I explained how MUNI runs right to Caltrain, much like BART.  "You want me to go to Fourth and King?" he said, again regarding me as though I were suggesting he lick the floor of a gas station restroom.

"If you need to take BART, you could just take MUNI down to Civic Center and transfer to BART."  This drew another long, incredulous stare.  Soon my temporarily-disabled friend and I set out for lunch, without our MUNI-hating pal.

After lunch a MUNI train passed by us.  "I see what you meant; it's right here," she said.

I drew her attention to how trains were coming from two different directions to merge at the relatively palatial West Portal station.  "See, it would have only taken him four minutes."  We pondered his resistance to MUNI, given that BART itself resembles the waiting rooms at the cutrate HMO I used to belong to, with truly horrifying stains on the upholstery (who puts cloth upholstery on mass transit trains???  Who??)

Later as I drove her home, we were in traffic behind a MUNI bus with a big cheerful poster with a "Take MUNI!" headline.  "You should steal that, give it to F.," my friend said.  "Take MUNI!"

Wednesday, October 23, 2013

not enough shame

Our post-operative cat is sporting a Cone of Shame, to prevent him from gnawing on his Fentanyl patch.  My children adore a friend's cat who often is put into a Cone of Shame due to a persistent skin condition which the cat grooms to a state of bleeding.  They were so taken by that cone that they dubbed the cat "Coney" and our friend's other cat "Notconey" and, when the cone is off, call Coney "Coney-Now-Unconed."  I thought they'd be excited to have their very own Coney.  "My little Coney, friendship is magic," crooned Iris as she carried our own cone-owning cat's carrier.
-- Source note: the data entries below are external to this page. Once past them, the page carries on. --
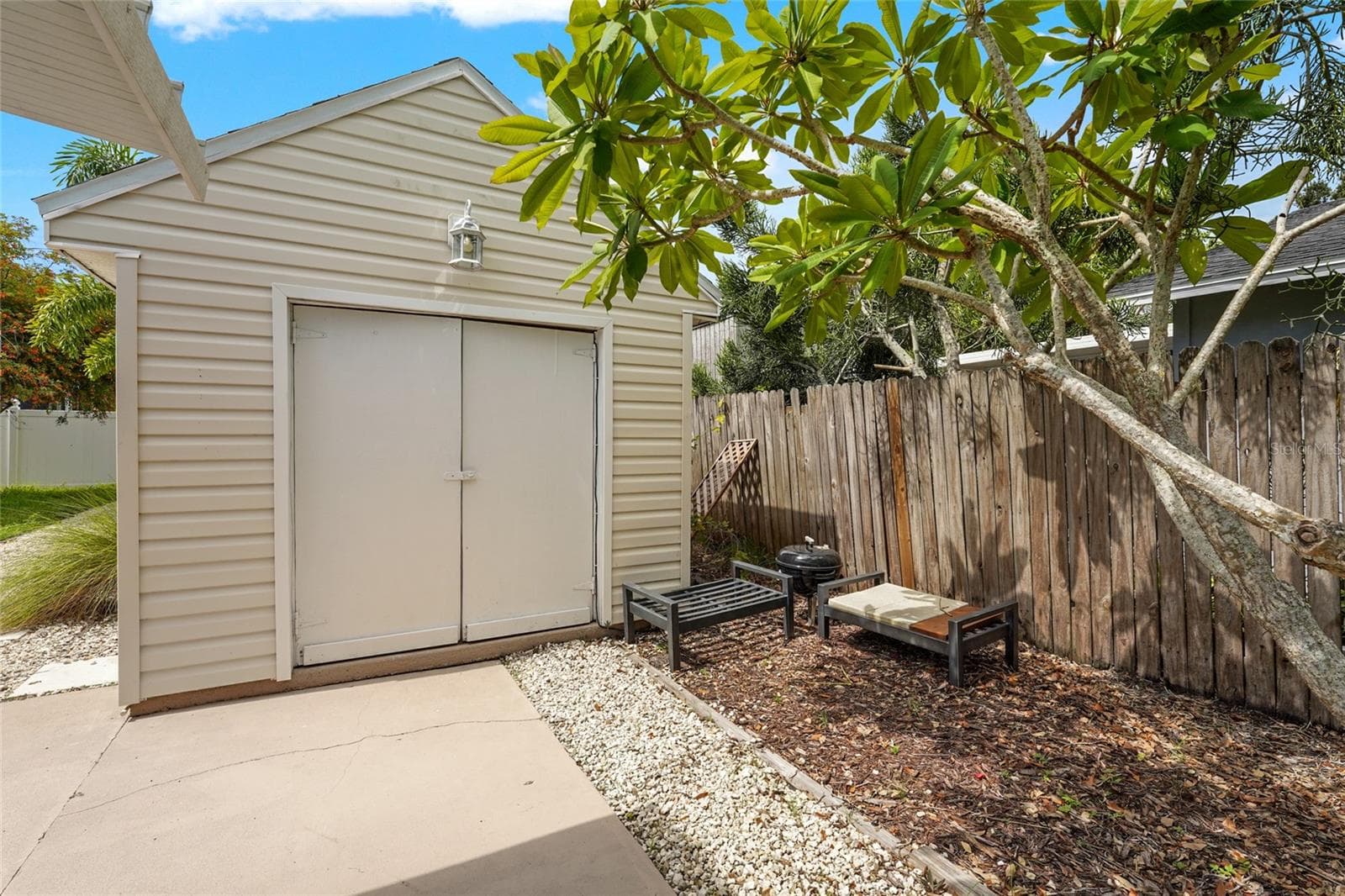 Powered Storage Shed – A spacious detached shed with double doors and electricity offers ideal storage for beach gear, bikes, tools, or even potential workshop space. - 2705 2ND AVE W, BRADENTON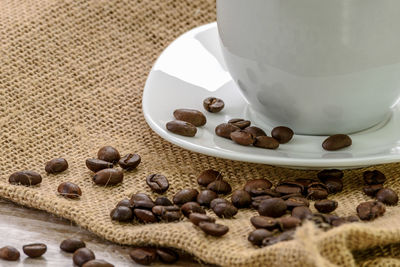 Close-up of coffee beans on table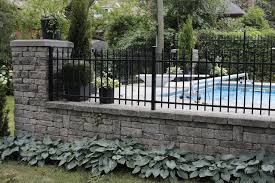 Field Stone Wall With Ornamental Iron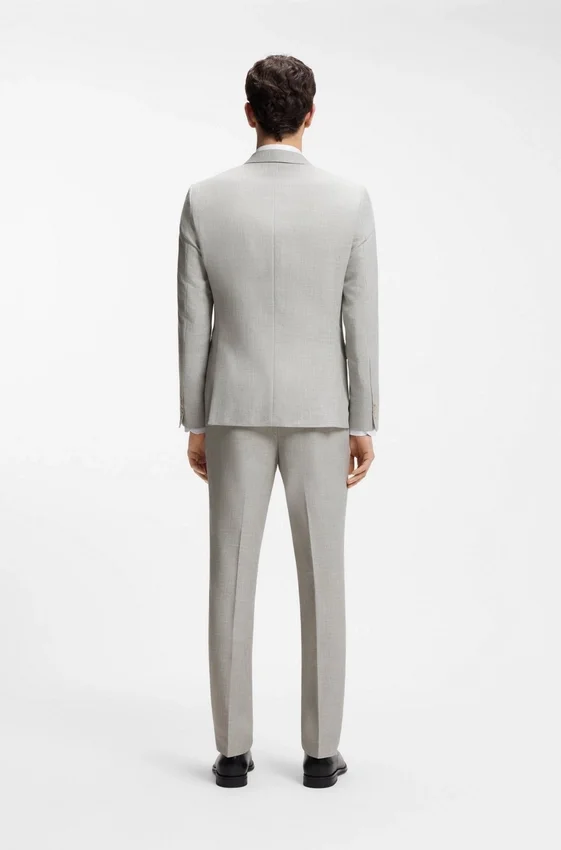Two-piece slim-fit suit in cotton and virgin wool Two-piece slim-fit suit in cotton and virgin wool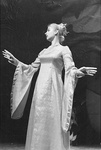 Actress in dress holds hands out and looks to side by George Fox University Archives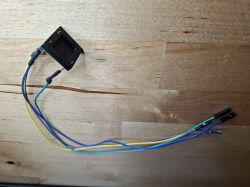 U-Flame sensor with connected jumper wires on a wooden surface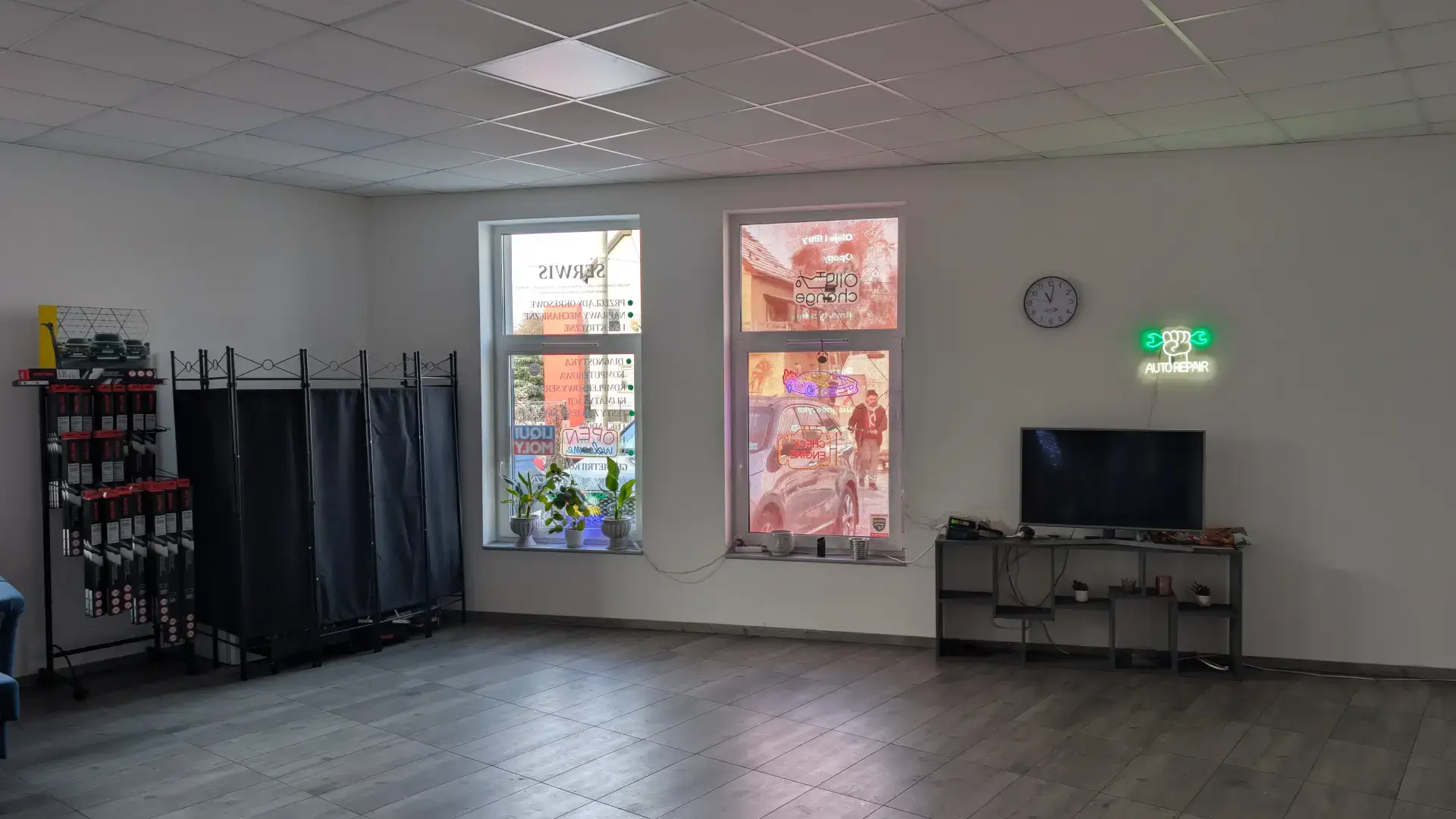 Przestronna poczekalnia z telewizorem, neonem "Auto Repair" i stojakiem z wycieraczkami samochodowymi.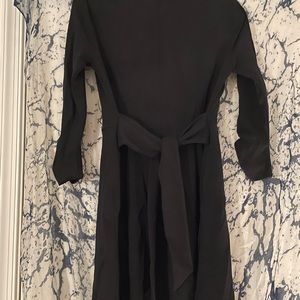 Falls just above the knee. Perfect with textured tights and booties.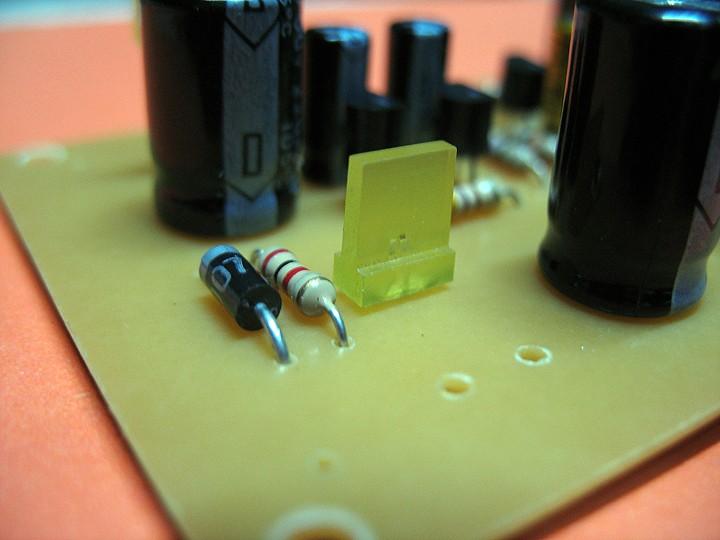 Next, insert the power indicator LED2, and the rest of the capacitors.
Inside the house the cat, who had been silent and motionless since we acquired him at the vet, began thrashing violently to the point where it was difficult to hold the carrier.  We had planned to sequester the convalescent in the master bedroom, with his own private litter box and food and catbed, and the box jittered and crashed about as Iris carried it upstairs.  The entire box was shaking and at risk of falling of the bed, while we were trying to figure out how to adjust the cone to put it on him.  "We'd better let him out," I said.  "We'll keep an eye on him while we figure out the cone."  I opened the carrier, and the thrashing animal slid out... upside down.  Clearly he'd lost track of which side was up in his struggles.  His eyes were hugely dilated, and the only thing on his mind was escaping from the bedroom.  But neither Iris nor I could figure out how to adjust the cone (not as easy a cone to attach to a cat's head as Coney's, which we had put on our friend's cat before).  We called to the Sober Husband, our resident mechanical genius.  "Come quickly!" shouted Iris.

I held the violent convalescent with difficulty while the Sober Husband attached the cone.  The cat was off, weaving around.  "We may as well let him out of the room," I said, bowing to reality.  He made his uneven way downstairs and immediately gorged on dry food, although we had been instructed to feed him only canned food.  Iris opened cans and showed him the canned food, but he kept gnawing at the dried.  We put away the dried food and left him with canned food, which he smeared his cone in and then abandoned.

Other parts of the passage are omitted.